SOURCE RECORDS: Begin

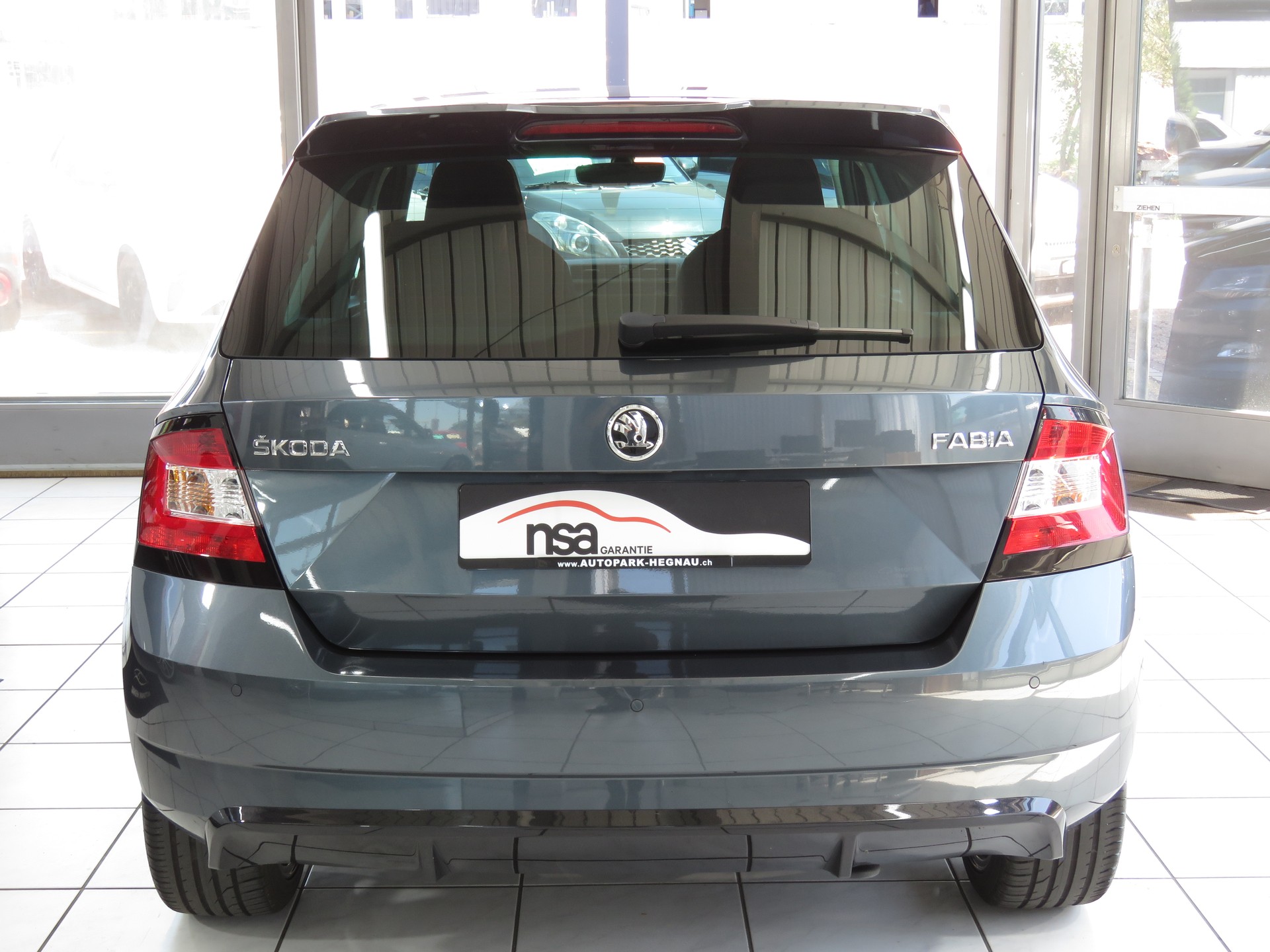 SKODA Fabia 1.2 TSI Monte Carlo DSG (Automat)-image-4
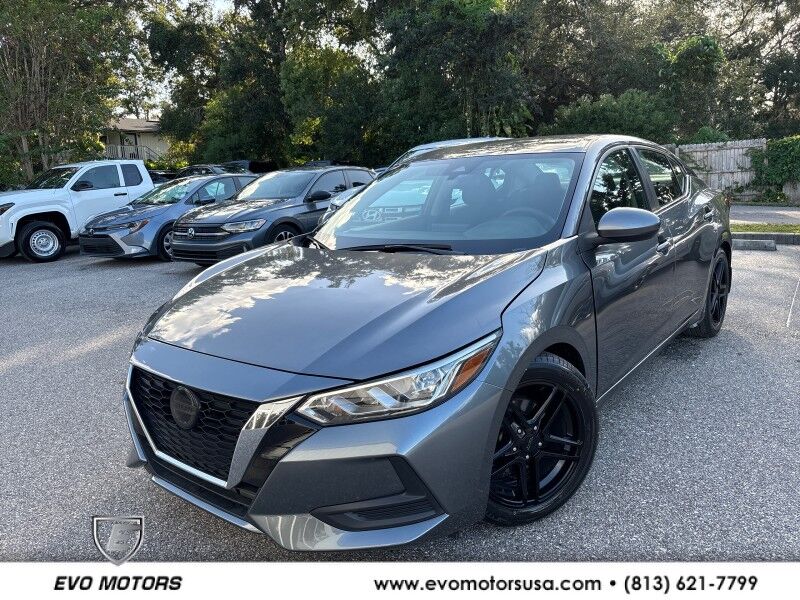 2022 Nissan Sentra S Seffner FL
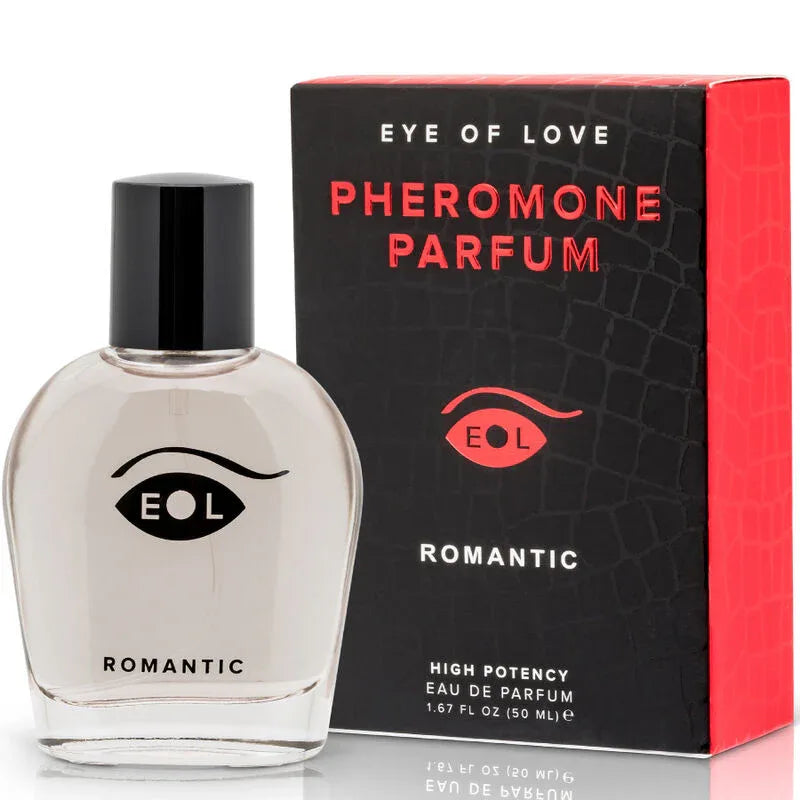 EYE OF LOVE - EOL PHR PARFUM DELUXE 50 ML - ROMANTIC - Vanelion Paradise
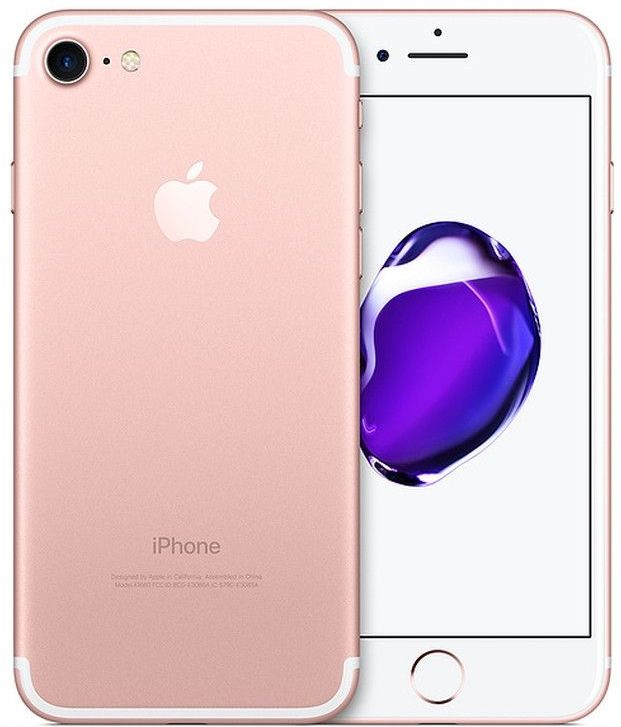 iPhone 7 256GB Rose Gold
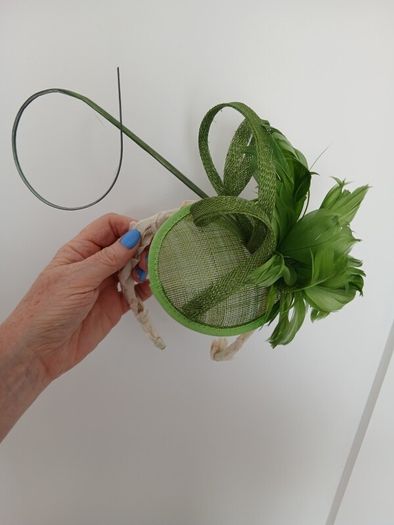 New Fascinator Hat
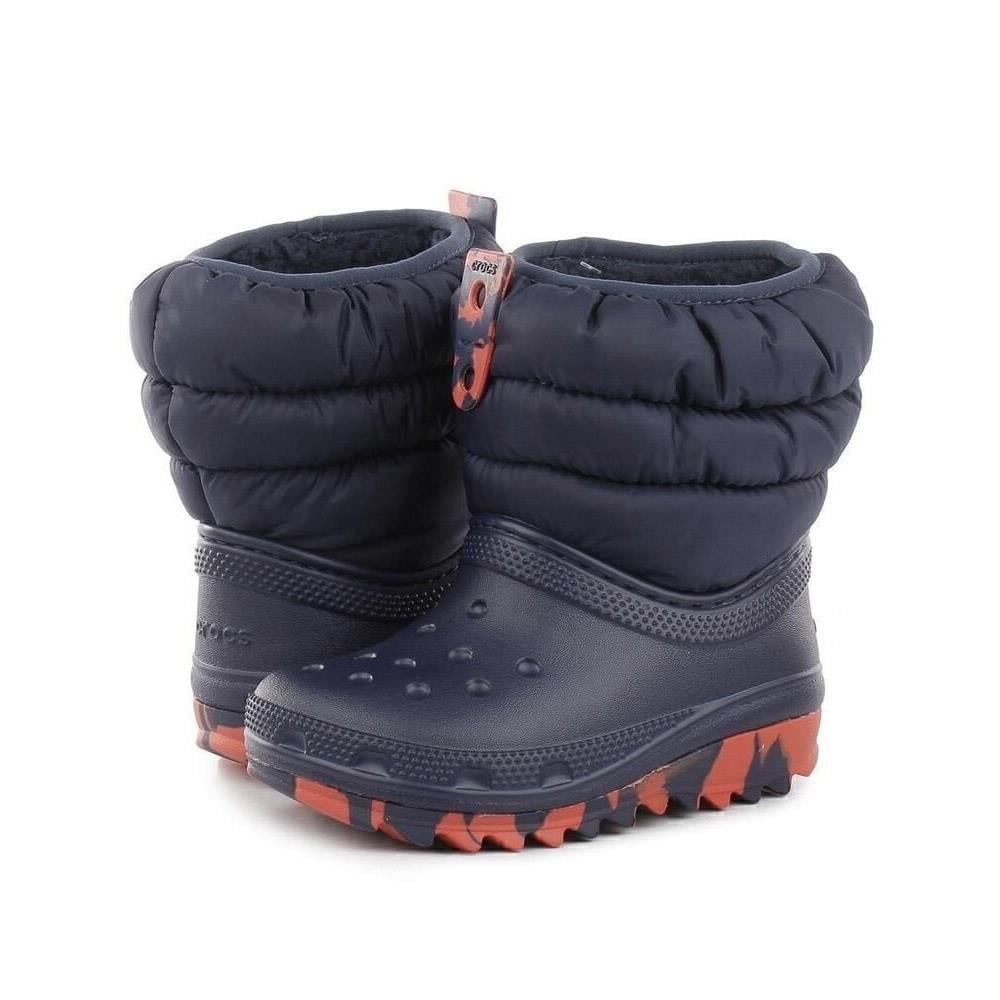 Crocs Classic Neo Puff Boot Çocuk Bot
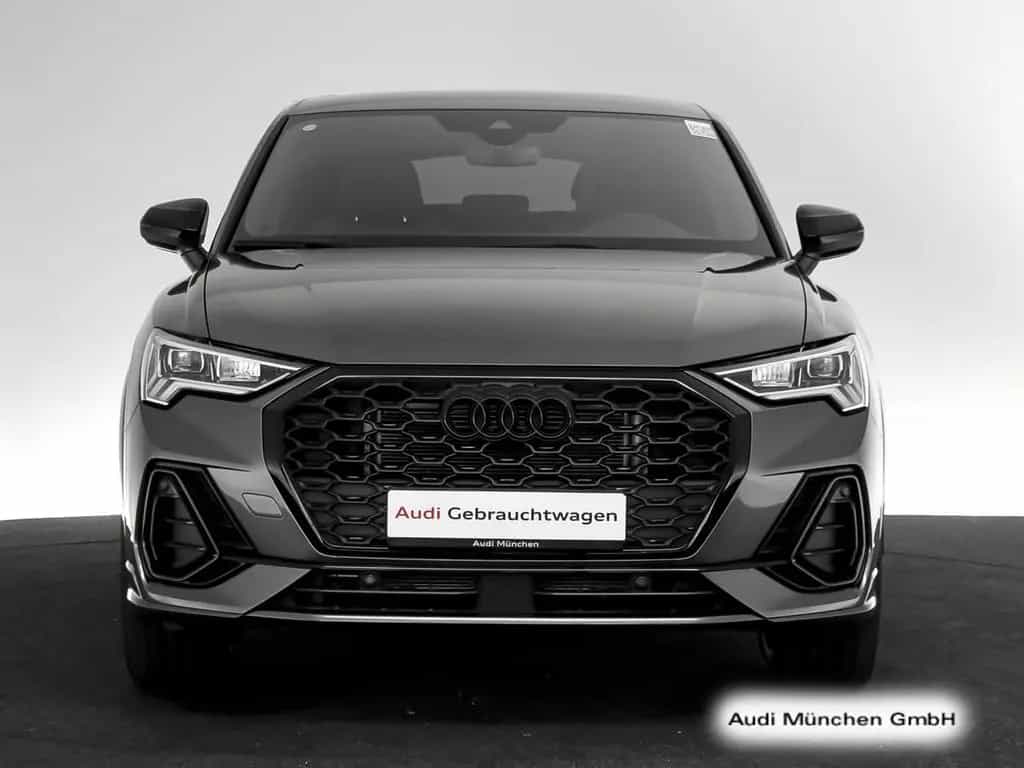 Audi Q3 Sportback 35 TFSI S tronic 2x S line AHK/StdH 03/2024-photo-5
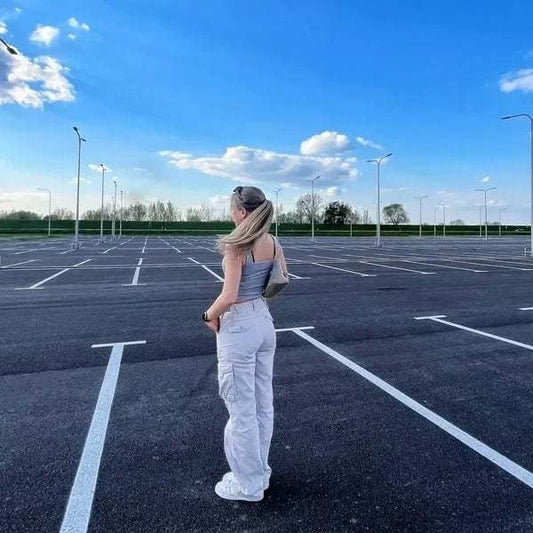 Arvenza Butt Lift™ Cargo Pants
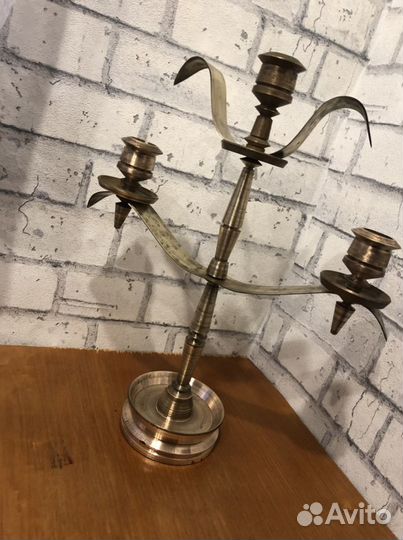 Подсвечник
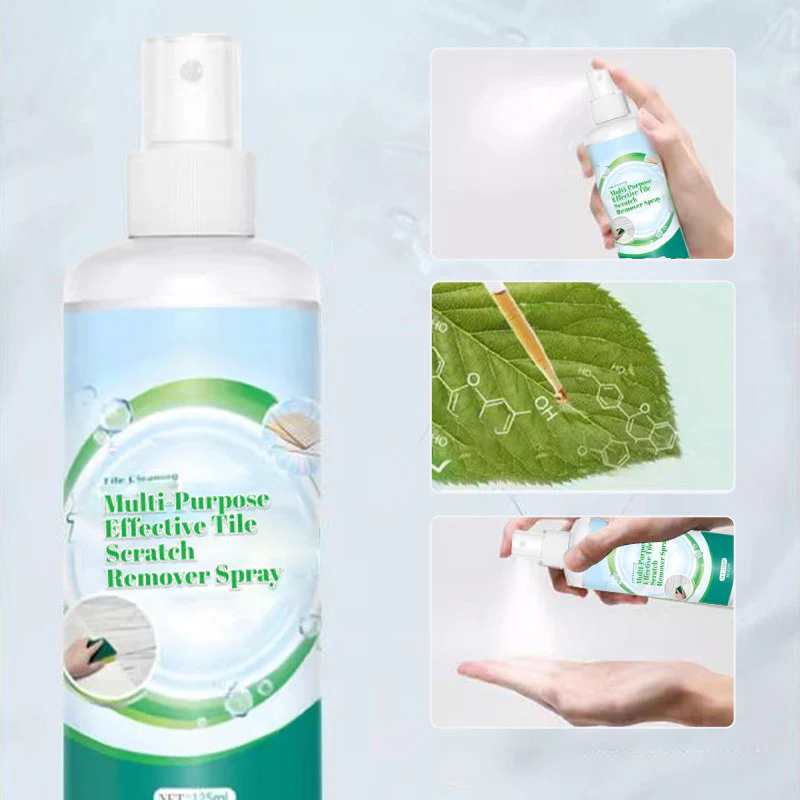 Multi-Purpose Effective Tile Scratch Remover Spray - Image 3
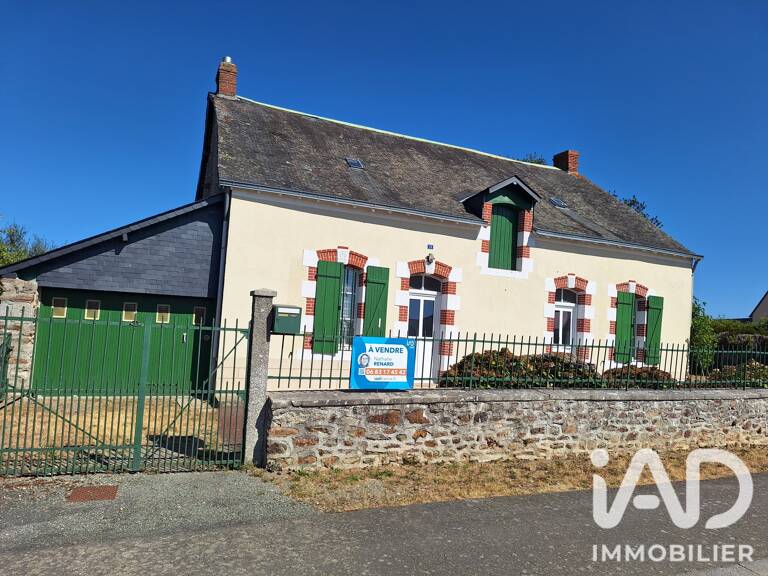 Vente Maison de village 4 pièces — photo 1
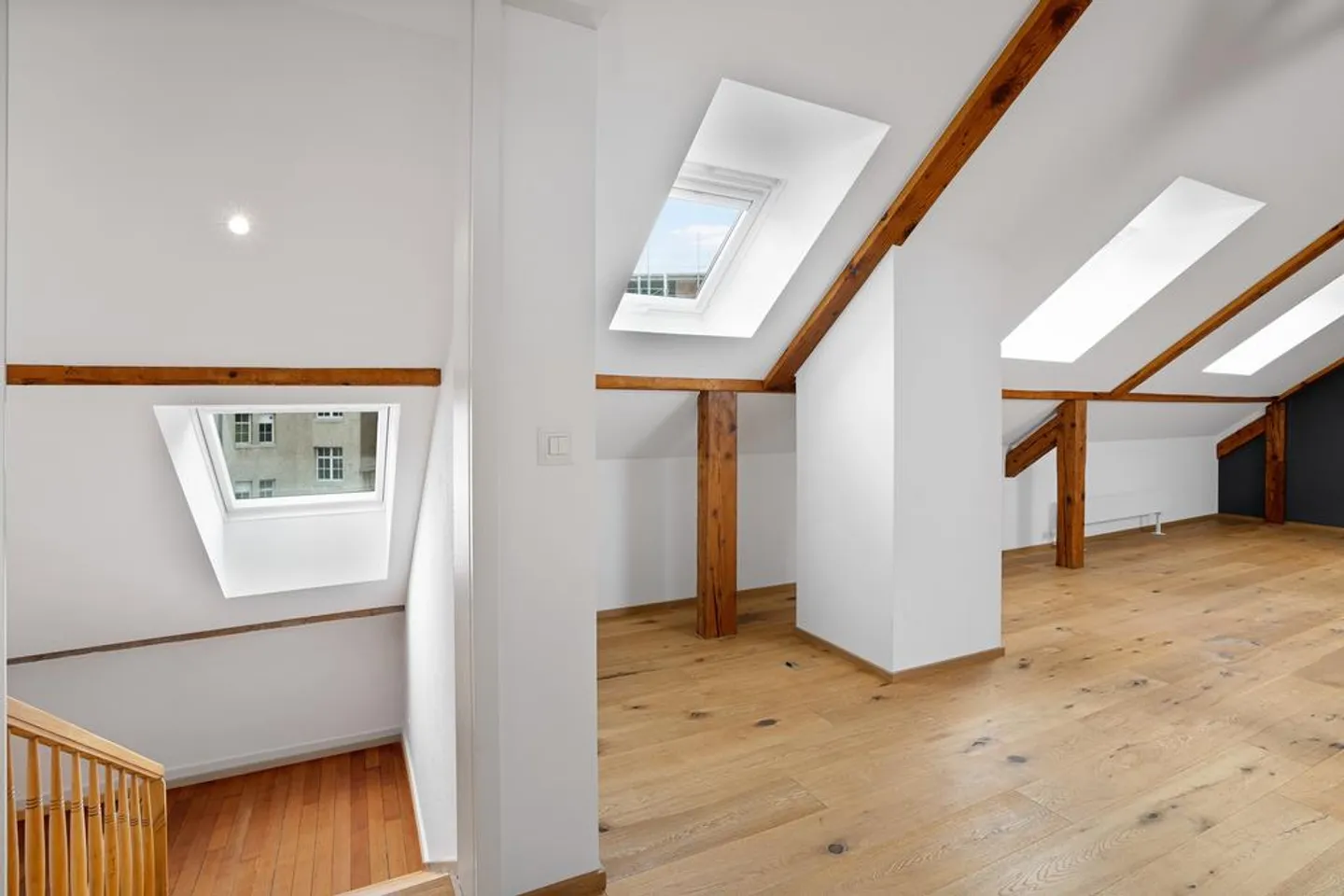 Charmante Maisonette-Wohnung - Foto 10 von 12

SOURCE RECORDS: End

**WORK REQUIRED:** Every record is to be reproduced exactly, with no pictures included.

**TASK SOLUTION:**
 SKODA Fabia 1.2 TSI Monte Carlo DSG (Automat)-image-4
 2022 Nissan Sentra S Seffner FL
 EYE OF LOVE - EOL PHR PARFUM DELUXE 50 ML - ROMANTIC - Vanelion Paradise
 iPhone 7 256GB Rose Gold
 New Fascinator Hat
 Crocs Classic Neo Puff Boot Çocuk Bot
 Audi Q3 Sportback 35 TFSI S tronic 2x S line AHK/StdH 03/2024-photo-5
 Arvenza Butt Lift™ Cargo Pants
 Подсвечник
 Multi-Purpose Effective Tile Scratch Remover Spray - Image 3
 Vente Maison de village 4 pièces — photo 1
 Charmante Maisonette-Wohnung - Foto 10 von 12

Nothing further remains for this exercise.